What are the Speech Services?
Azure Speech Services are the unification of speech-to-text, text-to-speech, and speech-translation into a single Azure subscription. It's easy to speech enable your applications, tools, and devices with the Speech SDK, Speech Devices SDK, or REST APIs.
Speech Services have replaced Bing Speech API, Translator Speech, and Custom Speech. See How-to guides > Migration for migration instructions.
These features make up the Azure Speech Services. Use the links in this table to learn more about common use cases for each feature or browse the API reference.

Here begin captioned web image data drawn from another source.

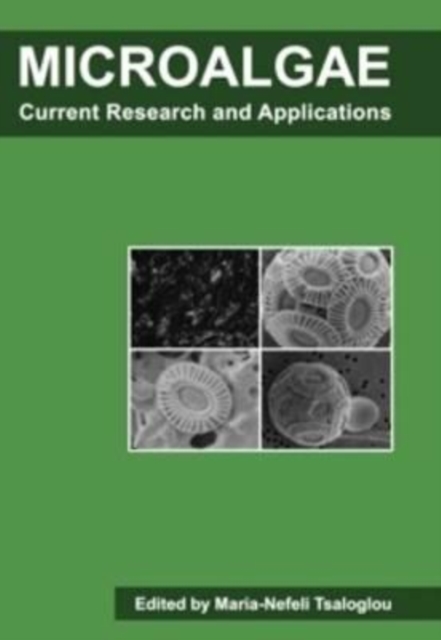 Microalgae : Current Research and Applications, Paperback / softback Book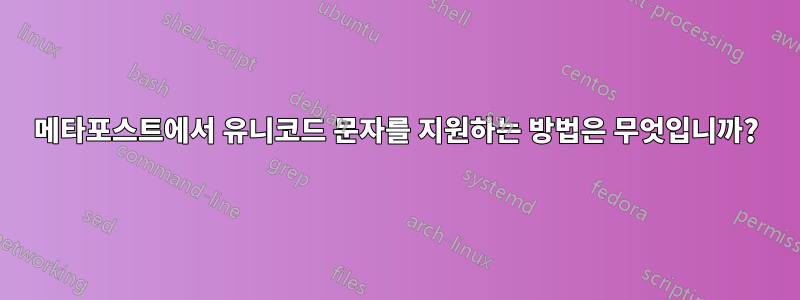 메타포스트에서 유니코드 문자를 지원하는 방법은 무엇입니까?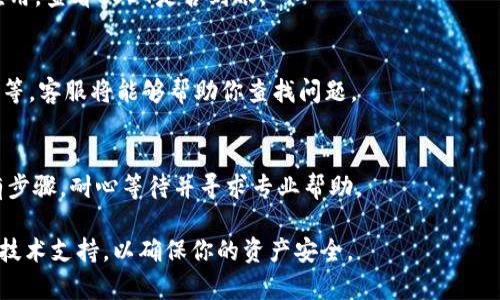 很抱歉，你在使用TP钱包时遇到了问题。以下是一些可能帮助你解决USDT未到账问题的步骤和建议：

步骤一：确认转账信息
首先，检查你在发送USDT时填写的地址。确认钱包地址是否完全准确，任何小的错误都可能导致转账失败或资产丢失。确保你发送的确实是USDT，而不是其他类型的数字资产，例如BTC或ETH。

步骤二：查询转账状态
访问区块链浏览器，例如Etherscan（如果USDT是在Ethereum链上交易）或TronScan（如果是基于Tron的USDT），输入你的交易哈希（Transaction ID）来查看该转账的状态。如果交易已被确认，说明资金已经成功发送，你需要检查接收方钱包的状态。

步骤三：检查网络拥堵情况
有时候，由于网络拥堵，交易可能会延迟确认。在区块链繁忙的时刻，确认交易的时间可能会比平时更长。如果发现交易状态已确认，请给钱包一定的时间来同步，通常不超过几个小时。

步骤四：重新启动钱包应用
有时候，TP钱包可能会因为缓存或其他技术问题而未能显示最新交易信息。尝试关闭并重新启动钱包应用，查看USDT是否到账。

步骤五：联系客服
如果经过以上步骤仍然未能解决问题，建议联系TP钱包的客服。提供交易细节，包括交易哈希、接收地址等，客服将能够帮助你查找问题。

步骤六：保持冷静与耐心
数字货币的转账过程有时会面临意外的延误，保持冷静是解决问题的重要心态。务必确保你遵循了所有步骤，耐心等待并寻求专业帮助。

通过以上步骤，你应该能够找到USDT未收到的原因并解决问题。如果问题依然存在，请务必寻求专业的技术支持，以确保你的资产安全。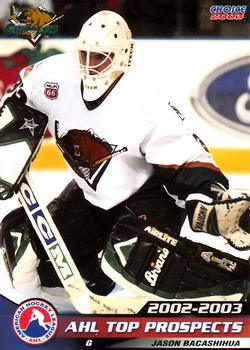 2002-03 Choice AHL Top Prospects #4 Jason Bacashihua Front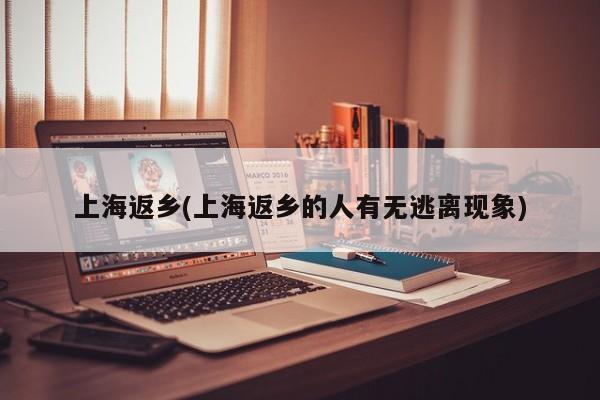 上海返乡(上海返乡的人有无逃离现象)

|Speech-to-Text||Speech-to-text||Speech-to-text transcribes audio streams to text in real time that your applications, tools, or devices can consume or display. Use speech-to-text with Language Understanding (LUIS) to derive user intents from transcribed speech and act on voice commands.||Yes||Yes|
|Batch Transcription||Batch transcription enables asynchronous speech-to-text transcription of large volumes of data. This is a REST-based service, which uses same endpoint as customization and model management.||No||Yes|
|Customization||If you are using speech-to-text for recognition and transcription in a unique environment, you can create and train custom acoustic, language, and pronunciation models to address ambient noise or industry-specific vocabulary.||No||Yes|
|Text-to-Speech||Text-to-speech||Text-to-speech converts input text into human-like synthesized speech. Choose from standard voices and neural voices (see Language support).||No||Yes|
|Customization||Create custom voice fonts unique to your brand or product.||No||Yes|
|Speech Translation||Speech translation||Speech translation enables real-time, multi-language translation of speech to your applications, tools, and devices. Use this service for speech-to-speech and speech-to-text translation.||Yes||No|
News and updates
Learn what's new with the Azure Speech Services.
- February 2019 - Released Speech SDK 1.3.0 with support for Unity (beta). Added support for the
AudioInputclass, which enables you to choose the streaming source for audio. For a complete list of enhancements and known issues, see Release notes.
- December 2018 - Released Speech SDK 1.2.0 with support for Python and Node.js, as well as Ubuntu 18.04 LTS. For more information, see Release notes.
- December 2018 - Text-to-speech quickstarts added for .NET Core, Python, Node.js. Additional samples are available on GitHub.
Try Speech Services
We offer quickstarts in most popular programming languages, each designed to have you running code in less than 10 minutes. This table contains the most popular quickstarts for each feature. Use the left-hand navigation to explore additional languages and platforms.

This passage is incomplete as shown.